3. The voice interaction device according to claim 1 , wherein
the processor is configured to change a subject of the interaction with the first speaker when the first condition and a third condition are both satisfied, the third condition is a condition that the second utterance content of the second speaker is an instruction to change the subject of the interaction with the first speaker.
4. The voice interaction device according to claim 1 , wherein
the processor is configured to change a volume of the output by voice when the first condition and a fourth condition are both satisfied, the fourth condition is a condition that the second utterance content of the second speaker is an instruction to change the volume of the output by voice.
5. The voice interaction device according to claim 1 , wherein
the processor is configured to change a time of the output by voice when the first condition and a fifth condition are both satisfied, the fifth condition is a condition that the second utterance content of the second speaker is an instruction to change the time of the output by voice.

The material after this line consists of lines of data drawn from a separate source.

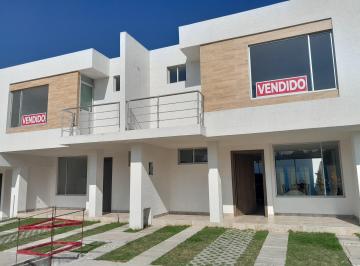 Casa de 3 habitaciones, Quito · Venta Casas Dentro de Conjunto Sector Morita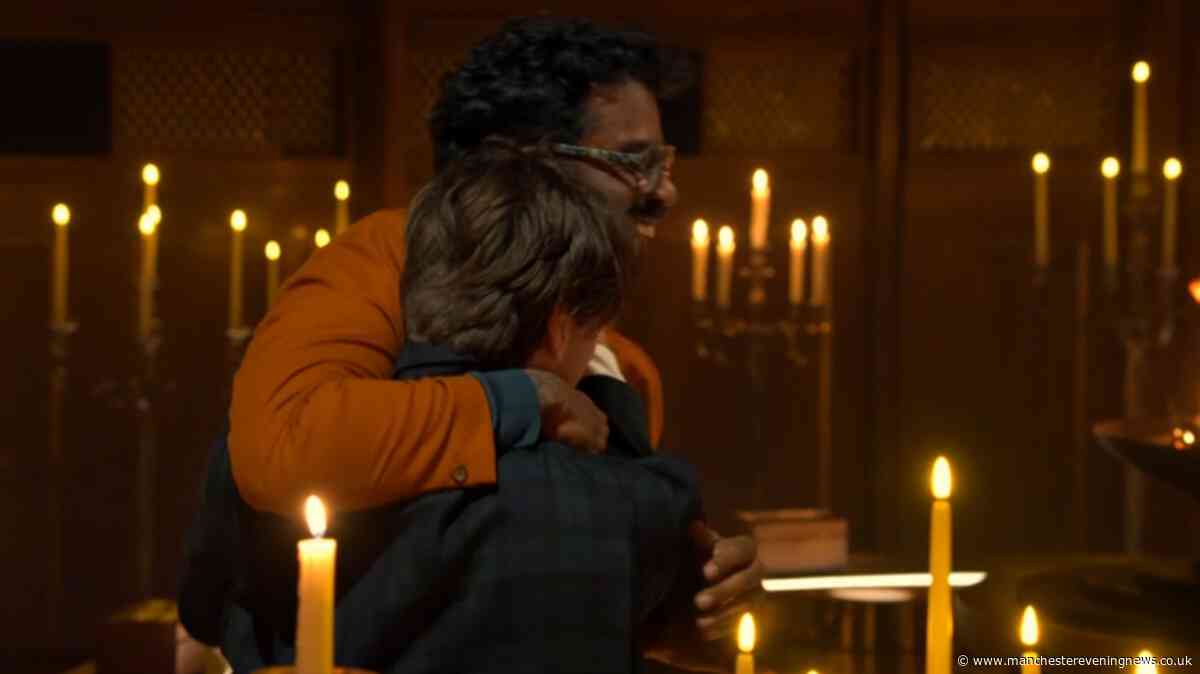 Celebrity Traitors winner announced as 'messiest' final ever airs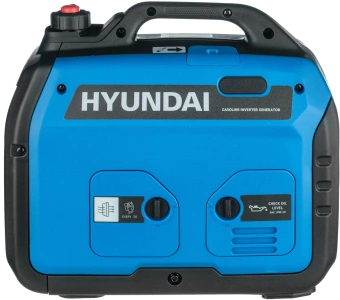 Генератор Hyundai HHY 2050Si 2.3кВт - купить недорого с доставкой в интернет-магазине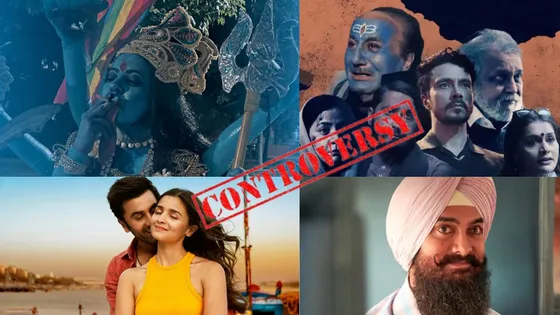 Bollywood 2022 Controversy: Ranveer SIngh फोटोशूट से लेकर काली पोस्टर तक इस साल विवादों से घिरे रहे ये 5 सितारें 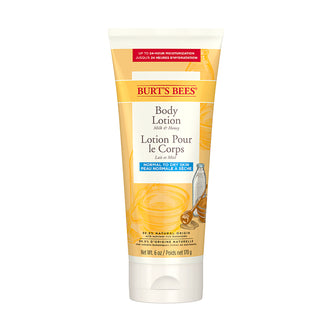 Melk en honing bodylotion Burt's Bees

6. The voice interaction device according to claim 1 , wherein
the processor is configured to recognize a tone of the second speaker from the data of the voice of the second speaker when the first condition is satisfied and then to output data of a fourth utterance sentence by voice in accordance with the tone.
7. A control method of a voice interaction device, the voice interaction device including a processor, the control method comprising:
identifying, by the processor, a speaker who issued a voice by acquiring data of the voice from a plurality of speakers;
performing, by the processor, first recognition processing and execution processing when the speaker is a first speaker who is set as a main interaction partner, the first recognition processing recognizing a first utterance content from data of a voice of the first speaker, the execution processing executing an interaction with the first speaker by repeating processing in which data of a first utterance sentence is generated according to the first utterance content of the first speaker and the first utterance sentence is output by voice;
performing, by the processor, second recognition processing and determination processing when a voice of a second speaker who is set as a secondary interaction partner among the plurality of speakers is acquired during execution of the interaction with the first speaker, the second recognition processing recognizing a second utterance content from data of the voice of the second speaker, the determination processing determining whether the second utterance content of the second speaker changes a context of the interaction being executed; and
generating, by the processor, data of a second utterance sentence that changes the context based on the second utterance content of the second speaker and outputting the second utterance sentence by voice by generating data of the second utterance sentence that changes the context based on the second utterance content of the second speaker when it is determined that the second utterance content of the second speaker changes the context.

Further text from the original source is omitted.